For example, one of the world’s largest automobile manufacturers faced the challenge of constantly evolving to meet the complex IT environment demands of the industry. To ensure that its IT investment was keeping up with the changing business climate, the company implemented a blended learning approach to address IT training needs, which included a digital video library, public courses, on-site classes, technical conferences and several e-learning methods. These easy-to-use formats allowed the workforce to access high-quality classes and expert instruction right from their personal desktops or mobile laptops.
In addition to these virtual and live classroom experiences, the company also made materials available via a Web portal. Learners could use the Web to access frequently asked questions, to take course pre-tests, unit-level tests and post-tests, to get answers to questions via e-mail from the instructor and to participate in discussion groups with peers. The company was able to provide a blended learning environment where its workforce could experience both the classroom courses as well as the Web content. As a result, the blended instruction has helped this auto manufacturer keep its workforce updated with ongoing IT changes.

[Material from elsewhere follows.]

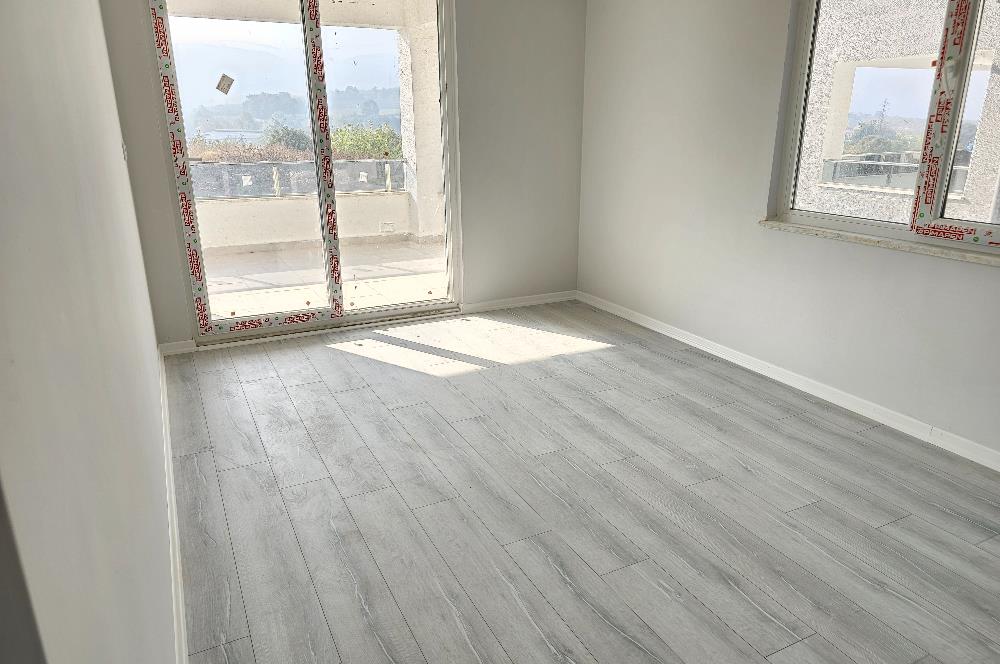 C21 NOVO'DAN SATILIK 3+1 LÜKS DAİRE 167M2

With blended learning, as with the more traditional approaches, a company needs to be sure that its learning and business objectives have been met. As measurable skills competency becomes more important in the marketplace, it is becoming essential that even the smallest course scenario be followed by an assessment to ensure that the material is understood and can be put into practice. One assessment option is to have teams of trained specialists travel to the company to assess skills. This is a common option, as the specialists can come at the convenience and on the schedule of the firm. However, assessments can now be conducted online with a Web-based program that includes complete data capture for answer analysis.
Benefits that can be expected with a blended learning program include:
- Reduced costs associated with training and travel to educate large numbers of individuals in a finite period.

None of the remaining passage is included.